MetaBP: A Meta-Learning Approach for Contact-Based Blood Pressure Measurement via Camera on Smart Devices
Abstract: Blood pressure is a critical indicator of human health, making convenient and easy-to-use monitoring methods a significant research focus. Existing blood pressure monitoring techniques often rely on additional sensors or devices, imposing both usage and economic burdens on users. To tackle this problem, we propose MetaBP, a blood pressure monitoring system that leverages the camera on smart devices.
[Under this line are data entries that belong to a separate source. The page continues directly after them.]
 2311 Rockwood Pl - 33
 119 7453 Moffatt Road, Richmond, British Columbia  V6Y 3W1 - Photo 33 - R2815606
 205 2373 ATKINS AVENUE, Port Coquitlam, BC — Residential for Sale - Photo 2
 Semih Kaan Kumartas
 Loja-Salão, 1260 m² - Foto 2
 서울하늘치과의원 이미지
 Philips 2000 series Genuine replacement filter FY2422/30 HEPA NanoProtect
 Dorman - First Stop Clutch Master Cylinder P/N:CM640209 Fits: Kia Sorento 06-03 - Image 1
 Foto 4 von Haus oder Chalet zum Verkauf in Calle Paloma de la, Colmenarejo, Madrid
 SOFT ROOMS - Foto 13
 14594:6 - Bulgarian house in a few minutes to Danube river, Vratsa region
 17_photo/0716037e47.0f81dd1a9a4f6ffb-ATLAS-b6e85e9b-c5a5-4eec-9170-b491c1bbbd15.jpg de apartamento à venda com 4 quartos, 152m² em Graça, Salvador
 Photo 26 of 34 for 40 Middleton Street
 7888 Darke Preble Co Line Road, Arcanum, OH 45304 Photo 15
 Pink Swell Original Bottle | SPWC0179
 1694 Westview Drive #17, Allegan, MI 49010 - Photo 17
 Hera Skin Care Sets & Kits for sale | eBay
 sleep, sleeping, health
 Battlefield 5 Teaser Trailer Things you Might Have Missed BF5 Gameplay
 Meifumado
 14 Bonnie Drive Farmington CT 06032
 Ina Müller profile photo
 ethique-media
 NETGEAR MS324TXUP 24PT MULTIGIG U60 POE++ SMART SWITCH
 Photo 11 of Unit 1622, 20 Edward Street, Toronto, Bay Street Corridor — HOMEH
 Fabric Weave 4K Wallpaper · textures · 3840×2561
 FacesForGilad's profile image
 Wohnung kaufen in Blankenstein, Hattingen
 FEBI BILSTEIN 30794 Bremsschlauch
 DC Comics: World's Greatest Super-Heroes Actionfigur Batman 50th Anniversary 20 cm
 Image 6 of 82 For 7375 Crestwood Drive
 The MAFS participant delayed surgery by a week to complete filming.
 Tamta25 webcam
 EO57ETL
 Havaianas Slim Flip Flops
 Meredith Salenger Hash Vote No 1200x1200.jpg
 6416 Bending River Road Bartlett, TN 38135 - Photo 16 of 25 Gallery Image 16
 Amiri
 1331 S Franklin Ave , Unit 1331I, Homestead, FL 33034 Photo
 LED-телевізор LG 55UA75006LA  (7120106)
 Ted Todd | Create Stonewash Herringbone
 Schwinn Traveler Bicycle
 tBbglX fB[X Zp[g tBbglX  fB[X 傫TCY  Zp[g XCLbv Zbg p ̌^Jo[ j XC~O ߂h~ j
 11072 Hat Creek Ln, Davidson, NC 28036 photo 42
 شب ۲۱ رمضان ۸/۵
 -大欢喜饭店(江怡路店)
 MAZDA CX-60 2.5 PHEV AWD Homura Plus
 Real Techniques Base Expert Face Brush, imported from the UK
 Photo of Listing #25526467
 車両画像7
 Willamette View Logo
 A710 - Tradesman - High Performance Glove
The basic idea is to record a video when the fingertip covers the camera to capture the tiny skin color changes caused by the heartbeat and extract pulse signals from the video frames. Furthermore, MetaBP employs a meta-learning approach, enabling the model to quickly adapt to the blood pressure monitoring task with minimal data and develop personalized models. By leveraging meta-learning, the model can efficiently learn the unique features of an individual’s physiological signals, providing accurate and personalized blood pressure estimation even with limited training samples. To obtain accurate measurements, we use a variational mode decomposition (VMD) method to reduce signal noise, ensuring that the pulse signals are both reliable and precise. To evaluate the robustness of MetaBP, we conduct experiments with 30 participants and implement MetaBP on commercial devices with camera parameters. The results demonstrate that MetaBP can accurately estimate systolic and diastolic blood pressure, with mean errors of 1.37 and 0.82 mmHg and standard deviations of 7.39 and 5.83 mmHg. Furthermore, our results demonstrate the feasibility of using widely available smart device cameras for reliable blood pressure monitoring, offering a practical solution for continuous health tracking.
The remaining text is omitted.